Since the attention Bart received after he allegedly “rose from the dead,” more information has surfaced about Bart’s “home environment and the circumstances leading up to his burial,” Sherry Silk, executive director of the Tampa Humane Society said in a release.
According to Polk County, Florida, court documents, Hutson was arrested in 1998 and charged with cruelty to animals. The nature of the charges is unclear, and the charges were later thrown out.
A video of a man administering first aid to the cat, along with a Go Fund Me page set up by the neighbor despite the Humane Society’s promise to pay for the cat’s treatment, have raised doubts about whether Bart was injured the way his owner said.
But Silk said she has no reason to believe the story she was told isn’t true.
“All of Bart’s injuries are consistent with him being hit by a car,” Silk said. Likewise, Humane Society veterinarians believe the feline was buried for a time.
“He had dirt in every orifice of his body, and maggots covering his open wounds,” Silk said.
Silk said she also believes that Bart was well taken care of before being injured, because he was a good weight and is a very friendly cat.

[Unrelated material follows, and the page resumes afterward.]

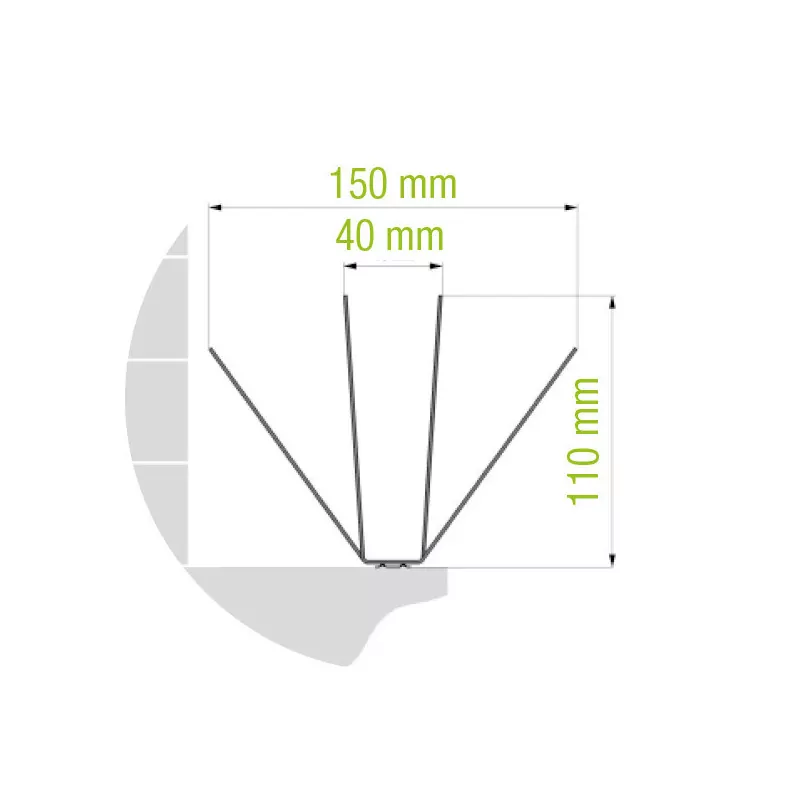 Pics Anti-Volatiles Oisipic 150 5ML oiseaux toutes tailles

“He likes human beings and isn’t skittish at all,” Silk said.
Still, after meeting with Bart’s owner Thursday for about 40 minutes, Silk said she has to act in the best interest of the cat, which in her opinion means keeping the cat at the Humane Society. Hutson, however, has refused to sign over his rights to the cat, she said.
“I believe [Hutson] cares about the cat,” Silk said, but “we are prepared to fight to keep the cat.”
Calls to Hutson were not immediately returned.